Here are the first two rows of data without headers:

In [43]:
hn = hn[1:]
hn[0:2]

[['12224879',
  'Interactive Dynamic Video',
  'http://www.interactivedynamicvideo.com/',
  '386',
  '52',
  'ne0phyte',
  '8/4/2016 11:52'],
 ['10975351',
  'How to Use Open Source and Shut the Fuck Up at the Same Time',
  'http://hueniverse.com/2016/01/26/how-to-use-open-source-and-shut-the-fuck-up-at-the-same-time/',
  '39',
  '10',
  'josep2',
  '1/26/2016 19:30']]

Next we will separate out the type of post into three categories:
- Ask post
- Show post
- Other post

In [44]:
ask_post = list()
show_post = list()
other_post = list()

for i in hn:
    title = i[1] # since the column title is at the second position
    if title.startswith("Ask HN"):
        ask_post.append(i)
    elif title.startswith("Show HN"):
        show_post.append(i)
    else:
        other_post.append(i)    

Let's look at the first two rows of the newly created ask_post list:

In [45]:
ask_post[0:2]

[['12296411',
  'Ask HN: How to improve my personal website?',
  '',
  '2',
  '6',
  'ahmedbaracat',
  '8/16/2016 9:55'],
 ['10610020',
  'Ask HN: Am I the only one outraged by Twitter shutting down share counts?',
  '',
  '28',
  '29',
  'tkfx',
  '11/22/2015 13:43']]

#### We will now find out the Average comments that features in each of the Ask HN and Show HN posts.
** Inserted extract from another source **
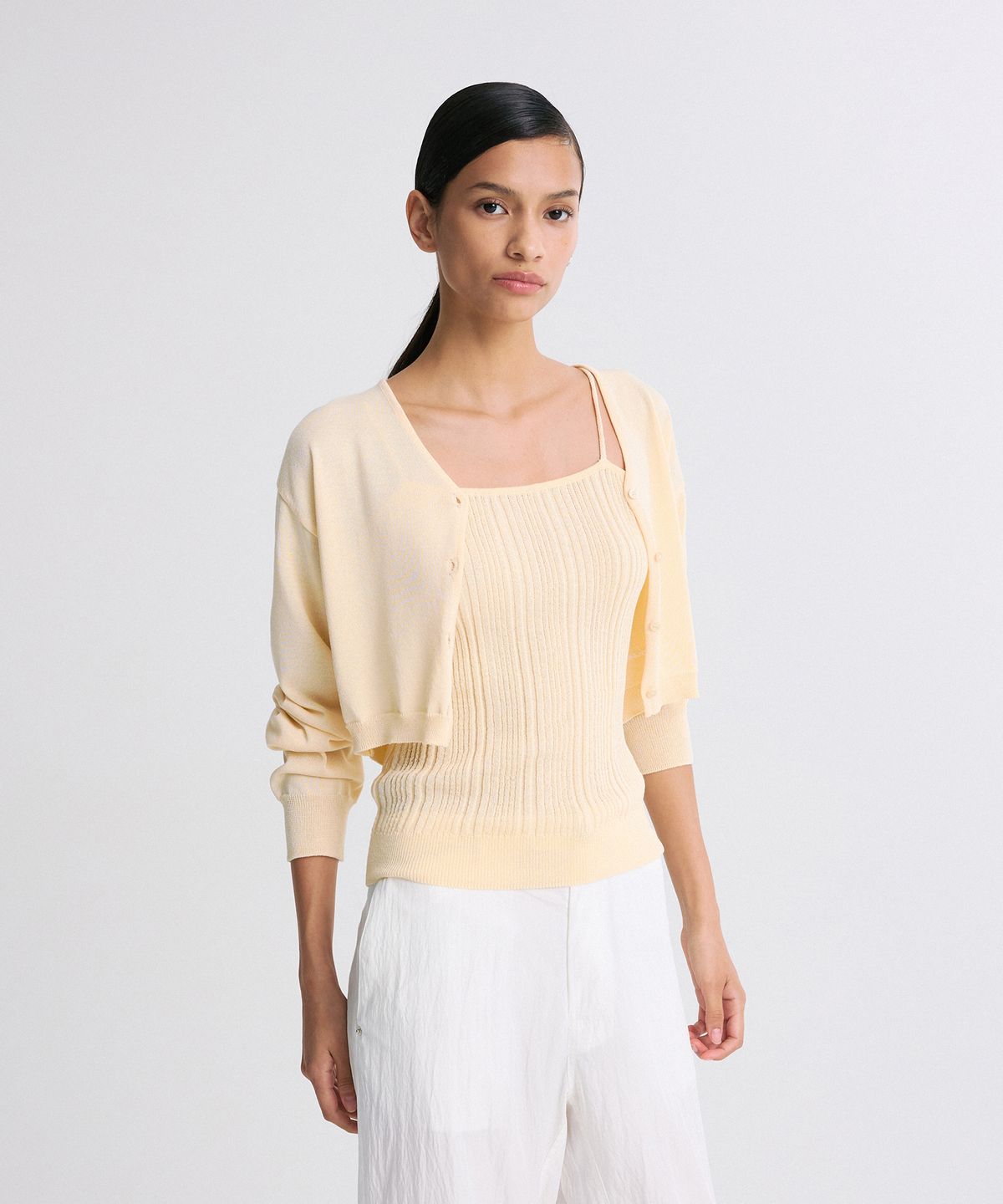 리이(RE RHEE) V-NECK CROPPED KNIT CARDIGAN VANILLA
For this, we wil define a function, so that we dont have to repeat ourself.

In [48]:
def tot_avg_com(post_type):
    tot_com = 0
    count = 0
    for i in post_type:
        tot_com += int(i[4])
        count += 1
    average = round(tot_com/count,2)
    return average
print("Average comments in Ask HN posts",tot_avg_com(ask_post))
print("Average comments in Show HN posts",tot_avg_com(show_post))

Average comments in Ask HHN posts 14.04
Average comments in Show HHN posts 10.32


We can see that on average the Ask HN posts recieve more comments than the Show HN posts. It goes on to show that people are more engaged when a certain question is posed rather than just viewing something.

### Next, we'll determine if ask posts created at a certain time are more likely to attract comments. We'll use the following steps to perform this analysis:

- Calculate the amount of ask posts created in each hour of the day, along with the number of comments received.
- Calculate the average number of comments ask posts receive by hour created.

In [97]:
from datetime import datetime as dt
tot_com_by_hr = dict()
posts_by_hr = dict()
for i in ask_post:
    created_at = dt.strptime(i[6], "%m/%d/%Y %H:%M").strftime("%H")
    tot_com_by_hr[created_at] = tot_com_by_hr.get(created_at,int(i[4]))+int(i[4])
    posts_by_hr[created_at] = posts_by_hr.get(created_at, 0)+1
avg_by_hr = []
for i in tot_com_by_hr:
    avg_by_hr.append([i, round(tot_com_by_hr[i]/posts_by_hr[i],2)]) 
print("Average Ask HN posts sorted by hour of the day:")
for i in avg_by_hr:
    print(*i)

Average Ask HN posts sorted by hour of the day:
09 5.71
13 15.08
10 13.46
14 13.26
16 16.95
23 8.0
12 9.47
17 11.47
15 38.6
21 16.05
20 21.55
02 23.86
18 13.26
03 7.81
05 10.72
19 10.83
01 11.93
22 6.77
08 10.35
04 7.23
00 8.31
06 9.05
07 7.91
11 11.09


Although we now have the results we need, this format makes it hard to identify the hours with the highest values. Let's finish by sorting the list of lists and printing the five highest values in a format that's easier to read.

In [110]:
avg = []
for i in avg_by_hr:
    avg.append([i[1],i[0]])
avg_sorted = sorted(avg, reverse = True)[0:5]

for i in avg_sorted:
    print("{0}:00 - {1:.2f} average comments per post".format(i[1],i[0]))

15:00 - 38.60 average comments per post
02:00 - 23.86 average comments per post
20:00 - 21.55 average comments per post
16:00 - 16.95 average comments per post
21:00 - 16.05 average comments per post


## Conclusion

The above analysis shows us that to get the most engagement on the Hacker News Site, one should use the `Ask HN` tag in the title and should post at 15:00 hrs or 3p.m.